The Shining as a Seinfeld-style sitcom

"I know I'm not the first person to put a laugh track on The Shining," writes youtoobmember, "but I couldn't resist doing my own version of it." The result is funny for a minute or so, then increasingly unsettling: it seems to remove the safe pop-culture patina that The Shining has picked up over the years. The Shining - The Sitcom (Seinfeld Style) [YouTube]


    1. This one is much better because the music has been replaced as well (and the editing is fabulous).

      I cannot find the ‘Seinfeld’ one funny because I can hear the original creepy music in the background and no amount of laugh tracks can make up for it. The Shining creeped the beejesus out of me from the very first 10 seconds on account of the music alone.

      1. I agree, the editing and music choices are just superb. It’s absolutely indistinguishable from an actual “feel-good” movie’s trailer, while using undoctored clips from a horror movie. (My “favorite” was the kiss scene– gruesome if you remember the context, but completely innocuous if you haven’t seen it.)

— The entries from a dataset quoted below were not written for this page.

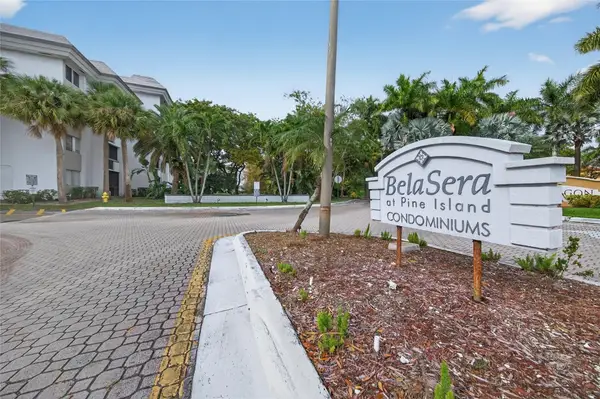 711 N Pine Island Road #319, Plantation, FL 33324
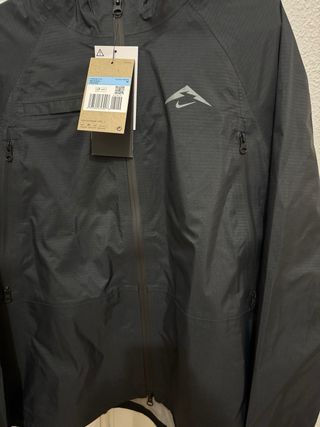 Cortavientos Nike Trail Negro Talla M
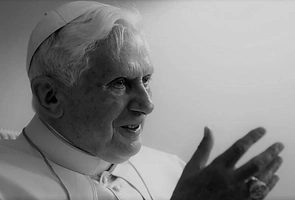 Benedykt XVI z ufnością kroczył do Domu Ojca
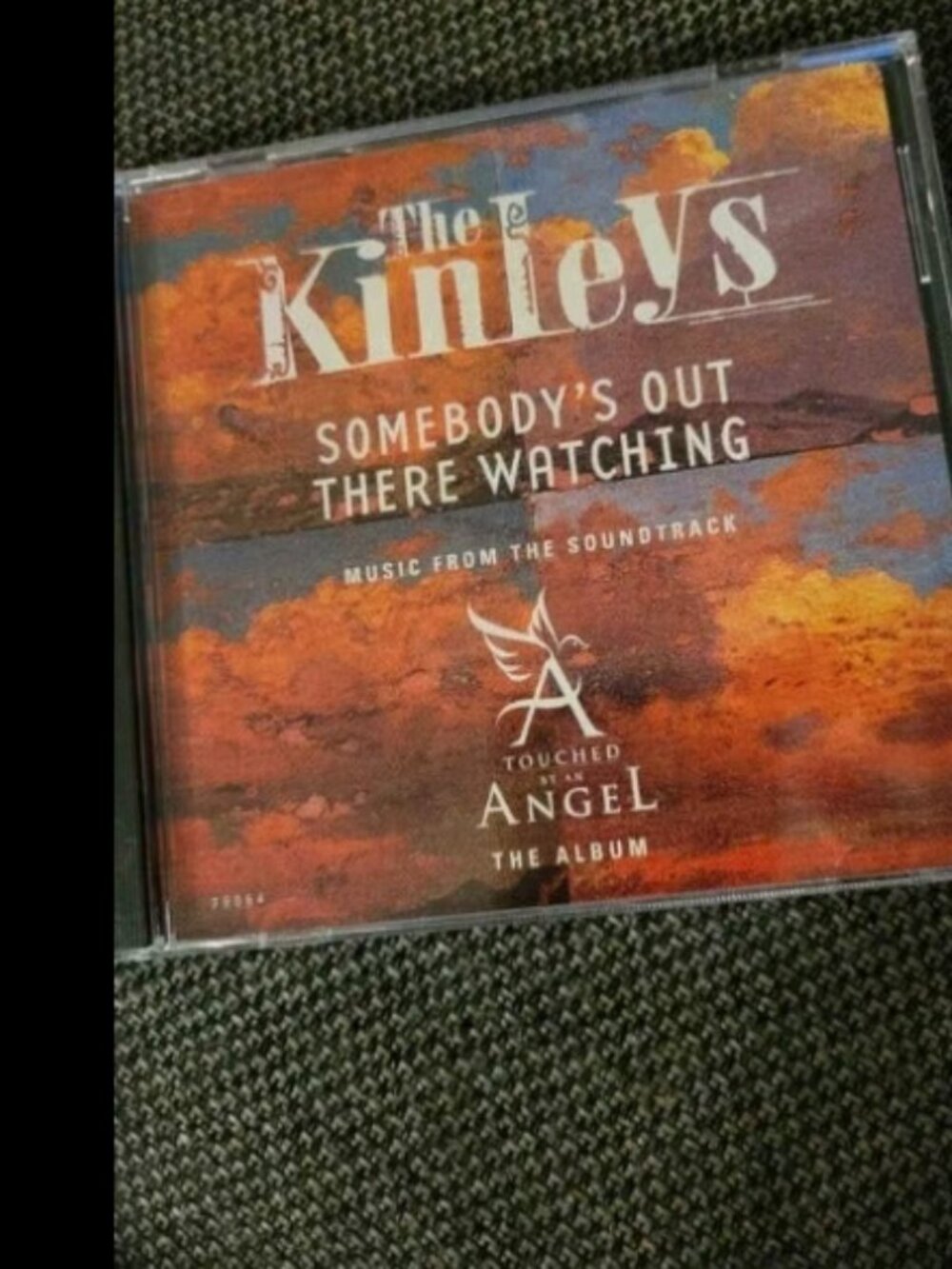 The kinleys somebody's out there watching cd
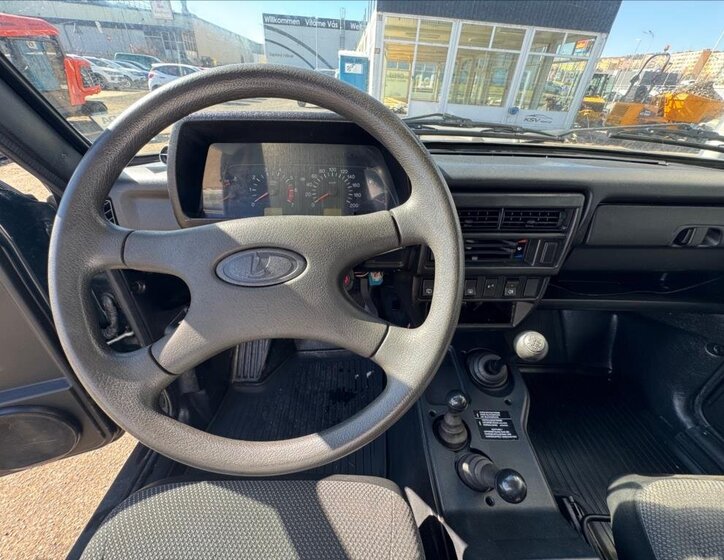 Lada Niva SUV 1,7 l 61 kw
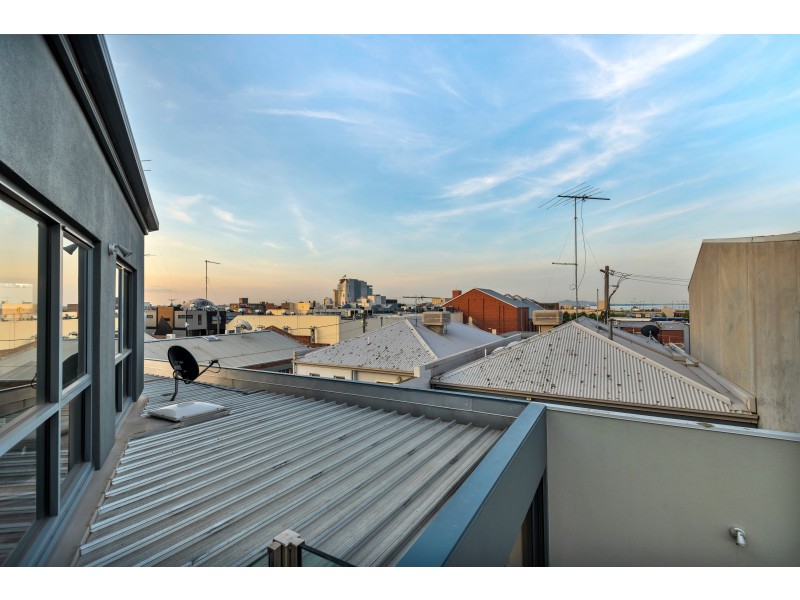 4 SMYTHE PLACE, Geelong VIC 3220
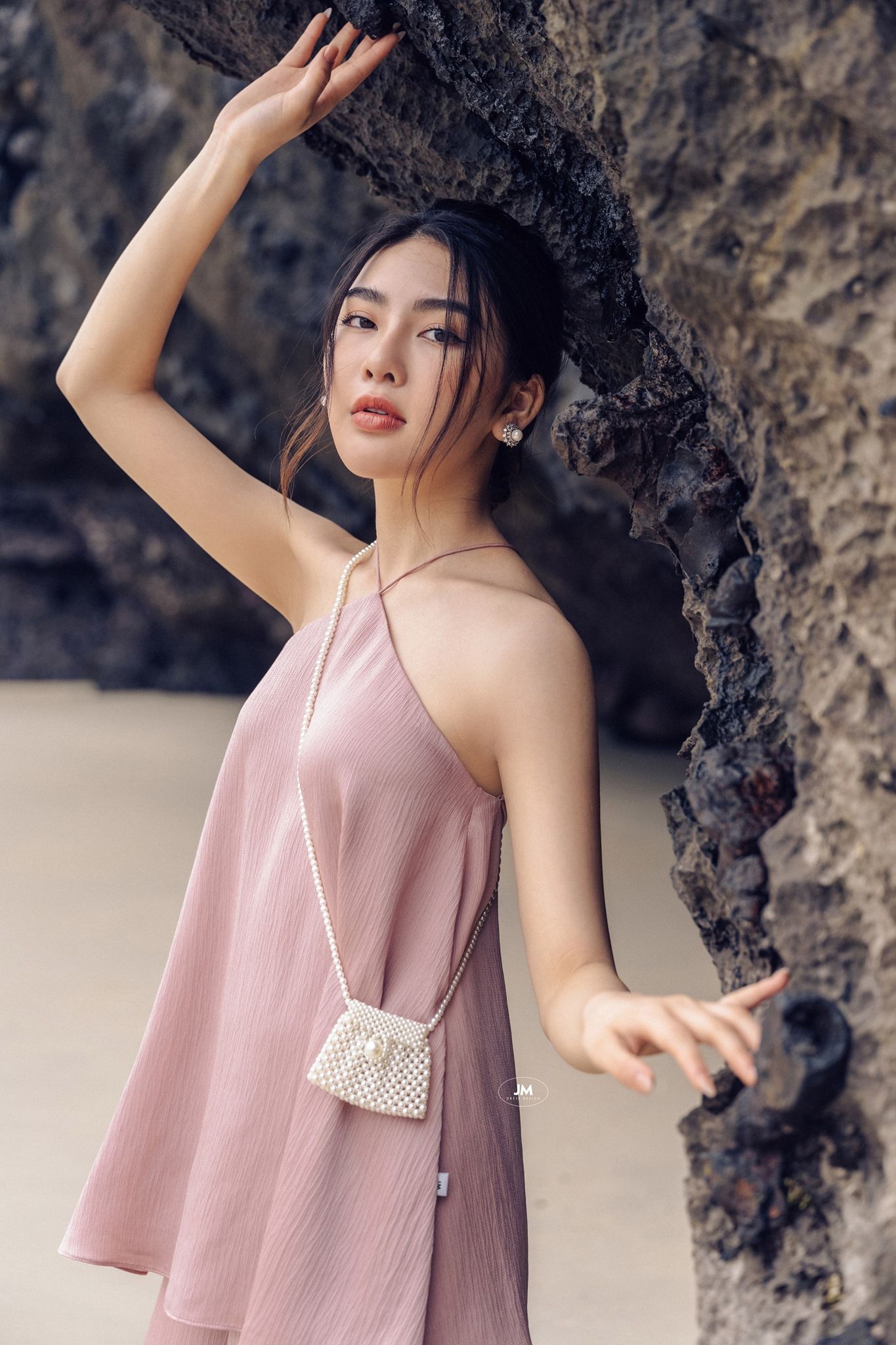Áo yếm đan dây sau lưng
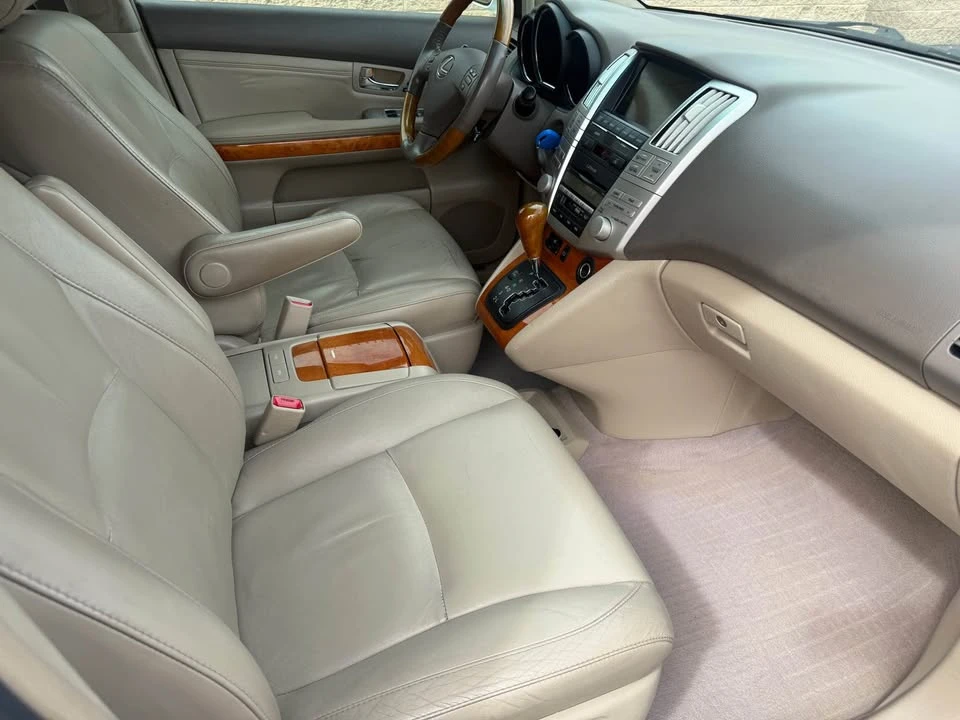 2007 Lexus RX 2nd Gen - Image 5 of 9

    2. Aww, hrm, ehh, I kind of like both trailers, sure the Shinefeld one puts it on real thick, but what the eff?

      Darn, I wish I could go back to not knowing The Shining, watch one of those trailers and then rent/buy/watch the movie

      *mind ‘splodes*

  1. Somehow the laugh track makes it even more terrifying…like there’s a whole audience of psychotics watching Jack’s breakdown.

    Next week: Humbert Humbert shoots Clare Quilty. Hilarity ensues. 

    1. It reminds me of the “twisted sitcom” setting of the scene in Natural Born Killers, where horrifying inhumanity is set to a laugh track and ’50s musical cues. All the more terrifying for the veneer of humor that’s put over it, like a guillotine that has been upholstered with a floral print.

  2. This works well for me.  It reminds me of the last scene of the movie itself: Kubrick lets the 1920s music play until you hear the sounds of an audience getting up and leaving.  Like the ghosts orchestrated the whole show for a little entertainment.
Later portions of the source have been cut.